Until Leo got so unhappy with school that we had to take radical action, I had not thought much about democratic or alternative types of education. I felt sorry for families who were home-educating, thinking the children would miss out on making friends and having to be with other people. My experiences with Leo have forced me to think otherwise.
We won't know until Leo is 50 - if ever - if we took the right decision but for the moment we're living with a 17 year old who's passionate about learning and deeply into a 'creative flow' of drawing intricate pictures - with the 'learning' fuelling his pictures. He also pays his way by working in our home card factory and babysitting.
Two years ago, however, we were living with a very different child. Leo was dragging himself to school and smoking dope on the way home each day, and sometimes on the way to school. He was angry and very unhappy, but I kept saying, 'look, only one more year to go, then you can leave school - just hang on in there!' He had won student of the year in year 8 (£200 to donate to a charity of his choice). I didn't want to let the school down, as much as anything. but since year 8, Leo had been asking if he could be home educated (he'd heard of it when they read 'Skellig'). It wasn't an option at that point as both my husband and I were out working in school hours.
One day, just before Easter when Leo was in Year 10, however, he took drastic action and broke through the fire-door at the school to escape twice in one day - caught on CCTV footage each time - and was chased by a teacher or the deputy head and brought back to the school where they phoned us and said Leo would have to be in 'the bungalow' for a week (onsite unit for children with behavioural difficulties/punishment block). He stayed there for 4 days and the teacher there told me all he wanted to do was work on his drawings and that Leo was 'a very pleasant chap but just incredibly lazy' because he didn't seem keen to do his schoolwork.

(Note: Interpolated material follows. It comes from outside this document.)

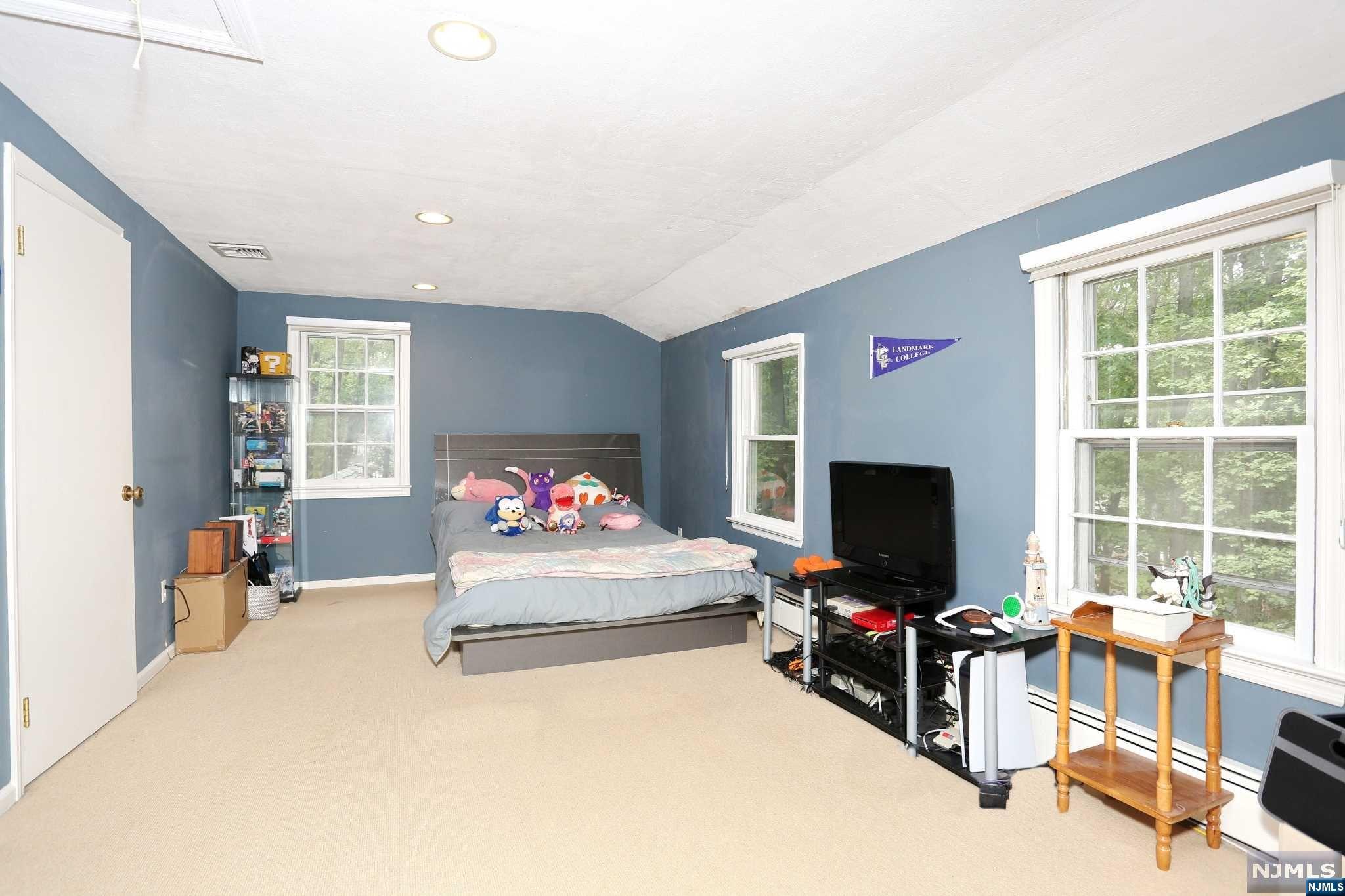 115 Apple Ridge Road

To cut a long story short* (detail below), we did some research and came to an arrangement with the school called 'flexi-schooling'. Leo stayed on the school's roll but revised for his GCSE's from home. We dropped art and graphics as he loved doing his own artwork and it seemed pointless to say 'stop doing that and do a pastiche of Georgia O'Keefe's flowers...' John spent a considerable amount of time trying to shovel Maths into Leo - the one subject he had always struggled with, but the rest of the time Leo would read round the history or RS for a week, or two or three, at a time, (instead of 50 minute sessions for each subject) getting really interested in them again. He got so passionate about the RS that he read lots of books on all the religions.
And he felt at peace at home. One day, a couple of schoolfriends (the only friends he'd really liked were in the year above him at school) rang to say they were in the area and could they come and see him. He said 'sorry, I'm in the middle of screenprinting a poster - not now...' He'd found the environment of school mostly so unconducive to learning that he'd kept running away from it, so it was interesting to see him being so involved in what he was doing that he didn't want to break off from it.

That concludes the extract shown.